You've raised important points about the risks of unpatched CVEs and the limitations of relying too heavily on sandboxing. I’d like to offer a different perspective on Comodo’s approach, especially in the context of real-world threat models.

Defense in Depth vs. Practical Containment Comodo’s containment model isn’t about trusting a single layer—it’s built around a default-deny strategy that has proven highly effective against non-targeted attacks. The sandbox is just one part of a broader system that includes script analysis, file reputation, and behavior blocking. This layered approach has consistently stopped threats that bypass traditional AVs.

Obscurity vs. Attacker Economics While CVEs are public and monitored, most attackers prioritize high-yield targets. Comodo’s lower market share makes it less attractive for mass exploitation. That’s not “security through obscurity”—it’s understanding attacker behavior. Most malware is designed to bypass mainstream AVs, not niche setups like Comodo’s.

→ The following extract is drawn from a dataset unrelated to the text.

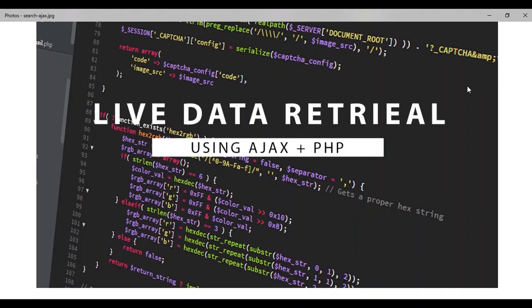Hello everyone, and today we will see how to retrieve live data from our database using AJAX and PHP.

Vendor Responsibility and Context Yes, vendors should patch vulnerabilities. But Comodo’s architecture means some CVEs may pose less practical risk due to containment. That doesn’t excuse delays, but it does offer context. The goal should be continuous improvement, not blanket dismissal.

User Choice and Risk Tolerance Labeling Comodo users as “complacent” overlooks the fact that many are power users who understand the trade-offs. They choose Comodo because its model aligns with their security philosophy. Informed practicality is not passivity.

In short, your critique is grounded in best practices, but it may underestimate the effectiveness of Comodo’s unconventional strategy in real-world scenarios. Let’s keep pushing for higher standards—while also recognizing that innovation doesn’t always follow the expected path.